Isley Brothers, 3+3 (1973)

3+3.jpg アルバムが一斉に再発されて、「局所的」に盛り上がりを見せているIsley Brothers。ピーター・バラカンの一押しはこの「3+3」とのこと。前作までのフォーク・ロックのアプローチも一段落し、いよいよメロウなグルーヴ感覚を活かしながら、そこにファンクの骨太なリズム・セクションが加わった記念碑的なアルバムである。

 しかしこのメロウ感は、たとえば彼女を部屋によんでこのアルバムをかけてしまったら、絶対に失敗するメロウ感である。それは良い意味での過剰だということ。どう考えてもこのアルバムはBGMには使えない。クリスマス・イヴにかけるには完全にミスマッチなアルバムだ。たとえば2曲目のDon't let me be lonely tonightとか、James Taylerの曲だけど、甘すぎて聞いているこちらが狂ってしまいそう。解釈が良すぎて音楽に聞き惚れてしまうし、だいたいこのタイトルを日常的にはささやけないでしょう。そうした日常から乖離したところに音楽の固有の世界を作ってしまうIsleyのクオリティに感服...
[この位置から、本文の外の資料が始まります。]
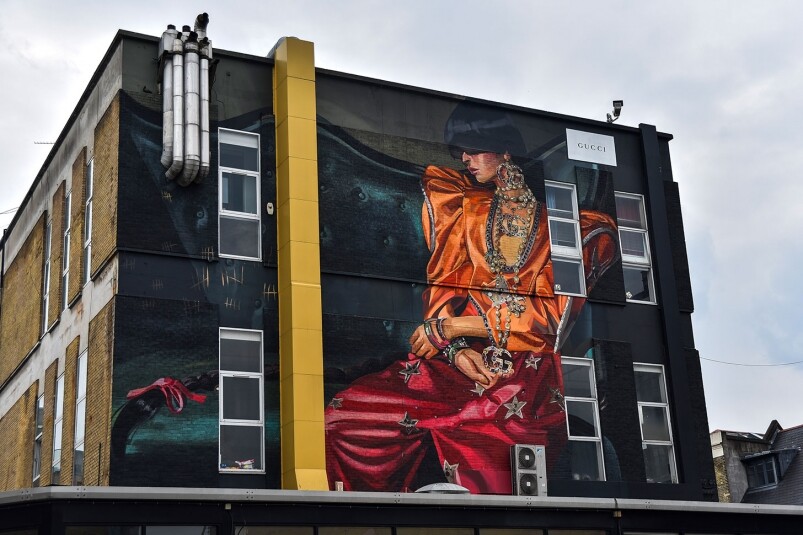 Gucci Art Wall Gucci Art Wall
 バラカンが勧めるだけあってどの曲も完成度が高い。3曲目、If you were thereなど「キラキラ」していて、心も体もうきうきになれる名曲(というかこれ、シュガーベイブがコピーしていた)。6曲目もリズム・セクションのはつらつとした進行に引き込まれる。そしてこのアルバムには、Summer Breezeが入っているし。この暑苦しいバンド(by 「国境」のマスター)が「夏の清涼」を歌ってしまうのだから、これは脱帽もの。

 一番好きなのは4曲目You walk your wayか。最初のハモンド・オルガンのせつなさがたまらなくいい。そしてヴォーカルの語尾の跳ね上がりがとてもセクシー。精神的に腰砕け状態になる至上の名曲。